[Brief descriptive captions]
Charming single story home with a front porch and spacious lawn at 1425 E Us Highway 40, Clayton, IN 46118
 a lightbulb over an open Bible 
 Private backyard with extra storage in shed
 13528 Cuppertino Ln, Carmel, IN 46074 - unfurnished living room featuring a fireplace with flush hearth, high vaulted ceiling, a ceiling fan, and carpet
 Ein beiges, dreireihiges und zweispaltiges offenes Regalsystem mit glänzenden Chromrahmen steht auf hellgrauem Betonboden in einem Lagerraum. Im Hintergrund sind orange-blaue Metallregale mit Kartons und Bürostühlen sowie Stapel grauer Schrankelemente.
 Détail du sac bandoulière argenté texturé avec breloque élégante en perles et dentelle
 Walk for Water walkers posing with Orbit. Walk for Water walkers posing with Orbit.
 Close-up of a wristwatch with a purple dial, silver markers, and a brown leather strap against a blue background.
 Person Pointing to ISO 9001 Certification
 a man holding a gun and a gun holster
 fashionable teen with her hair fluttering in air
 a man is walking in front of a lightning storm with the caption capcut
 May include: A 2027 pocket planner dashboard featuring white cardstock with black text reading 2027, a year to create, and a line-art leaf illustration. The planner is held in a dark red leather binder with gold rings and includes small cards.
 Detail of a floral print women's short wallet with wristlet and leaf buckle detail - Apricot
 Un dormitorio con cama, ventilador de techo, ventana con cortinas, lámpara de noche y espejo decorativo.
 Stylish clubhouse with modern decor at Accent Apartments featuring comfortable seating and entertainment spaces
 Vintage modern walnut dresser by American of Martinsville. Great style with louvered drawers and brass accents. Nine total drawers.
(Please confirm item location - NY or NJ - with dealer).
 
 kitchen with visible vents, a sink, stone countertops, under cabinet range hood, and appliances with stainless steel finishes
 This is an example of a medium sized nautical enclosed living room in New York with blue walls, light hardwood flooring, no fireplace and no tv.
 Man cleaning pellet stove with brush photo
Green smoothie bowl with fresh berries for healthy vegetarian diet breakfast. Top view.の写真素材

- TASK DESCRIPTION
Write out only the lines that run from the line containing "a man holding a gun and a gun holster" through the line containing "kitchen with visible", both included, exactly as they appear above.

- RESULT BELOW
 a man holding a gun and a gun holster
 fashionable teen with her hair fluttering in air
 a man is walking in front of a lightning storm with the caption capcut
 May include: A 2027 pocket planner dashboard featuring white cardstock with black text reading 2027, a year to create, and a line-art leaf illustration. The planner is held in a dark red leather binder with gold rings and includes small cards.
 Detail of a floral print women's short wallet with wristlet and leaf buckle detail - Apricot
 Un dormitorio con cama, ventilador de techo, ventana con cortinas, lámpara de noche y espejo decorativo.
 Stylish clubhouse with modern decor at Accent Apartments featuring comfortable seating and entertainment spaces
 Vintage modern walnut dresser by American of Martinsville. Great style with louvered drawers and brass accents. Nine total drawers.
(Please confirm item location - NY or NJ - with dealer).
 
 kitchen with visible vents, a sink, stone countertops, under cabinet range hood, and appliances with stainless steel finishes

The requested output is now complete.